▶ [EXERCISE BRIEF] Only the lines that hold the word "აუქციონის" are wanted from this listing.

▶ [EXTRACTED RECORDS]
* * * * * * * * *

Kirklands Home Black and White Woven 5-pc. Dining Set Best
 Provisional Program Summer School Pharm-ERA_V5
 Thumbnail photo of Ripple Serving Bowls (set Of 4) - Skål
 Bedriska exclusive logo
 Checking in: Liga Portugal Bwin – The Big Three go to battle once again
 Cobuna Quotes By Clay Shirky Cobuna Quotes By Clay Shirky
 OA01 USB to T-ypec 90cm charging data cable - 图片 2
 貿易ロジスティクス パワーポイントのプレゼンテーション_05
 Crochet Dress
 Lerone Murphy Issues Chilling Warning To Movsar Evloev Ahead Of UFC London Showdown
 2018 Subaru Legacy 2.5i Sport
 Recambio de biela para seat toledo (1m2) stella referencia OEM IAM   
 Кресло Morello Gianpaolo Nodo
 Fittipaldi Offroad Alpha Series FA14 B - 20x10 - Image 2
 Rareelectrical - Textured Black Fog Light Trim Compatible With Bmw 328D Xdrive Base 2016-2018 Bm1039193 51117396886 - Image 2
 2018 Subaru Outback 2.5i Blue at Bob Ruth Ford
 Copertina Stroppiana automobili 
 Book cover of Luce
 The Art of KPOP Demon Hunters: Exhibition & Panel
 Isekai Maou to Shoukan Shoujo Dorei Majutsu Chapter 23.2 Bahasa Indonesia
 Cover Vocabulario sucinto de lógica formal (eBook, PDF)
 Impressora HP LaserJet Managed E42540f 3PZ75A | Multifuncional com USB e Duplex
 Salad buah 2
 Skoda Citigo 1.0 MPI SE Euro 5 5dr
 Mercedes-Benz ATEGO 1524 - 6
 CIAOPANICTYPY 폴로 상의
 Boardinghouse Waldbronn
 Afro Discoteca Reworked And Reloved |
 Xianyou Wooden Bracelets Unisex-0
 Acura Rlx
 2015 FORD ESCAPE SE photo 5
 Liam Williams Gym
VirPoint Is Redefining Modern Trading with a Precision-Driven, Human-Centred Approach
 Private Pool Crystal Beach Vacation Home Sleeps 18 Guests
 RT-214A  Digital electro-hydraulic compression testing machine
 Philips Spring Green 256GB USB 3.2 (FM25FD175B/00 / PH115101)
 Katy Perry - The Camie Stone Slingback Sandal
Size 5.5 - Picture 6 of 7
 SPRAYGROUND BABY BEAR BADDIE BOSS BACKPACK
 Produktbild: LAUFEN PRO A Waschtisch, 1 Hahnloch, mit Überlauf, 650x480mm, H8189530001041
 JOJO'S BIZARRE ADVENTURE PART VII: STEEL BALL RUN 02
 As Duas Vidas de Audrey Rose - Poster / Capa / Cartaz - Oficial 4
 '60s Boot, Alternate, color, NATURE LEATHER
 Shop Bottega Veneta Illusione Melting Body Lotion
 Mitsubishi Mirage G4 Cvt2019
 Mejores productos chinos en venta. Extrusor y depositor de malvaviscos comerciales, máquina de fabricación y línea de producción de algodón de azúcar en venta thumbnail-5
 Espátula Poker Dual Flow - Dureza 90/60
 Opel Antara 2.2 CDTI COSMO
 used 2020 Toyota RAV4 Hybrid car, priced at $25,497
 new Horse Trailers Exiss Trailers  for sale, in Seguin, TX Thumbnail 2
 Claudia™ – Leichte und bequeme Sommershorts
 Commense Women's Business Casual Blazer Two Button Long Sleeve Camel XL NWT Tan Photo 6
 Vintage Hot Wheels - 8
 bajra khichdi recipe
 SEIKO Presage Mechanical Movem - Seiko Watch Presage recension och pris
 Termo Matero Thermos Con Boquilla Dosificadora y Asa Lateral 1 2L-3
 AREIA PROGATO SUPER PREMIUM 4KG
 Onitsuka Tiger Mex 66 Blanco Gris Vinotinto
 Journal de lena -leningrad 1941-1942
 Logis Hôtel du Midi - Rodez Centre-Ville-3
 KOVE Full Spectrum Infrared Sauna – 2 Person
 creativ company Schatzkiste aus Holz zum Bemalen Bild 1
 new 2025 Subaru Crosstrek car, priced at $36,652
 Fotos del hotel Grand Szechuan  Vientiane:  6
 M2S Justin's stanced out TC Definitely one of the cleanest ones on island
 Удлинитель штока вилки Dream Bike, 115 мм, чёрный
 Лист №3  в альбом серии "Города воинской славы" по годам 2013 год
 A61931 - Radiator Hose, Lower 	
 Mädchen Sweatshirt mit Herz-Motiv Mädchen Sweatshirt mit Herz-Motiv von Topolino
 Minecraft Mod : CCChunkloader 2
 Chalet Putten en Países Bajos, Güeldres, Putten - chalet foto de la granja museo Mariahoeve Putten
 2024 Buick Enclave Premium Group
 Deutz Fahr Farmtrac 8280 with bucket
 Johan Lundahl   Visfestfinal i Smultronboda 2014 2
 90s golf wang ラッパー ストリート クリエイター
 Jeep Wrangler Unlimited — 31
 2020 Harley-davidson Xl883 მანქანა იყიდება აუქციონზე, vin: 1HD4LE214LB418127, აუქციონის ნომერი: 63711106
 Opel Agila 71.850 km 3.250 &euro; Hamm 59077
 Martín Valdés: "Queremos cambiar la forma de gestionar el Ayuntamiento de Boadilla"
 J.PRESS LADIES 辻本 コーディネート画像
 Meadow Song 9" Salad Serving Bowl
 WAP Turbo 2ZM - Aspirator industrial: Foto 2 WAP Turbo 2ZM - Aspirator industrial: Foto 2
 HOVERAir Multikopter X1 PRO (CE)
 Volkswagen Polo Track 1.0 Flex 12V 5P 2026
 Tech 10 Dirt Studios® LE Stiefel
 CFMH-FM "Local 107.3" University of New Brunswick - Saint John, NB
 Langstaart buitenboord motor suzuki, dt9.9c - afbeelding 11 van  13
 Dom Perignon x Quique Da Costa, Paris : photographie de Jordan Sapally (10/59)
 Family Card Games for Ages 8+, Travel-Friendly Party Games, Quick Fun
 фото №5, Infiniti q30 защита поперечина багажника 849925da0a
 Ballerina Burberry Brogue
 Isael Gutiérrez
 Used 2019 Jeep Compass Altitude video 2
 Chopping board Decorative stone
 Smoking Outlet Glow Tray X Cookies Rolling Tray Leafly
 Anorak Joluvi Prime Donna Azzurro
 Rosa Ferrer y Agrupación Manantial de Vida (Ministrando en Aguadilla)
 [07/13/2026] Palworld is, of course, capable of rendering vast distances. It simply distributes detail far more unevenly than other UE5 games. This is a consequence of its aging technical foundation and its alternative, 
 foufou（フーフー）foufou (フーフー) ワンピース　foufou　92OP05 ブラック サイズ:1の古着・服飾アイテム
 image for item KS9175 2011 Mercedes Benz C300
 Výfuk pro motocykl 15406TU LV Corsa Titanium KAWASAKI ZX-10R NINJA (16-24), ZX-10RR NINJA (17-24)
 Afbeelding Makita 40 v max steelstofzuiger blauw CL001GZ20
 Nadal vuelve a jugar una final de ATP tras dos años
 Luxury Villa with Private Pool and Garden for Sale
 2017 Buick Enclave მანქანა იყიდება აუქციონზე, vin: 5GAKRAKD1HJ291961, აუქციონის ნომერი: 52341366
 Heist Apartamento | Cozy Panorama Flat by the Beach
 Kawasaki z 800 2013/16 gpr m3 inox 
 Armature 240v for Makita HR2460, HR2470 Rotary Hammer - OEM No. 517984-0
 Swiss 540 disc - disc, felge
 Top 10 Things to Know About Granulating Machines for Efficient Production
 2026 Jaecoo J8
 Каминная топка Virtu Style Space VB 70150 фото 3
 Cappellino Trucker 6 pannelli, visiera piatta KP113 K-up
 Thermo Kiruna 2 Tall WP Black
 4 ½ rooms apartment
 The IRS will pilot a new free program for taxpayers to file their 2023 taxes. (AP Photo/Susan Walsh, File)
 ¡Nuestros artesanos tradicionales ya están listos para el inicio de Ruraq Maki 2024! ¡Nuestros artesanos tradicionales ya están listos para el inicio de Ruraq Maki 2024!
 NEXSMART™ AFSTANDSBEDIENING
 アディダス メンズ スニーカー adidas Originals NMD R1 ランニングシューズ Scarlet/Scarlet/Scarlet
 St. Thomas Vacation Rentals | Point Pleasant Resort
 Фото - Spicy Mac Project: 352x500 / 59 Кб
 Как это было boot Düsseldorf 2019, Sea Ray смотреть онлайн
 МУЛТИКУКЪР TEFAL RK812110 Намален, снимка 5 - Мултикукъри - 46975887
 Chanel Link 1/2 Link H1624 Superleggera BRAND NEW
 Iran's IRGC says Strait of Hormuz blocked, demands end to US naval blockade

* * * * * * * * *

▶ [EXERCISE ANSWER]
 2020 Harley-davidson Xl883 მანქანა იყიდება აუქციონზე, vin: 1HD4LE214LB418127, აუქციონის ნომერი: 63711106
 2017 Buick Enclave მანქანა იყიდება აუქციონზე, vin: 5GAKRAKD1HJ291961, აუქციონის ნომერი: 52341366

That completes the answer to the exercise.